Course: COMP 762B – Modeling And Simulation

Topic: Reading/Presentation project

 

Selected Paper: TOWARDS A MULTI-VIEW MODELLING ENVIRONMENT FOR MECHATRONICS SYSTEMS

Source: Multi-View Modelling Environment for Mechatronics Systems.pdf

 

Abstract

The development of modern technical systems requires the close collaboration of various specialist teams and engineering disciplines. Even though working with the same system towards the same goal, developers from the different domains use their own specific tools, providing their own specific views of the system to be developed. For the successful integration of the efforts from each of these disciplines, the different views need to be appropriately integrated, preventing any inconsistencies and divergences from creeping into the system design. In this report, we present an approach to multi-view modeling which systematically integrates the two generally accepted complexity reduction techniques of hierarchical decomposition and multi-viewing. While these techniques are common practice in many modern design tools, the approach presented defines how the inter-view relationships can be used to tightly interweave the views’ hierarchies.

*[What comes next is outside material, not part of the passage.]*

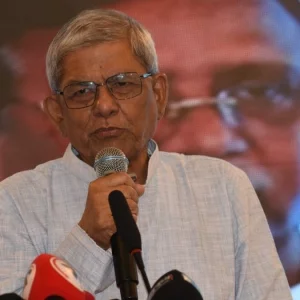 এত প্রকল্প হয়, বুড়িগঙ্গাকে দূষণমুক্ত করার প্রকল্প হয় না: ফখরুল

Through the use of a case study, model integration is investigated for the allocation of system functions onto the implementing hardware architecture. The resulting approach maintains the principle of hierarchical design within, as well as between the views, where allocation can be performed at arbitrary levels across the hardware and function hierarchies. The proposed approach promotes the independent development of the views, allowing developers from each discipline to work concurrently, yet providing support for a holistic view.

This provides a good basis for an information-sharing environment enabling model-based, multi-disciplinary development. While specific to the allocation of system functions to hardware, these mechanisms can be reused for the mapping of system functionality to the software architecture, or software to hardware allocation. The generalization of this work to cover other kinds of relations remains a challenge for future work.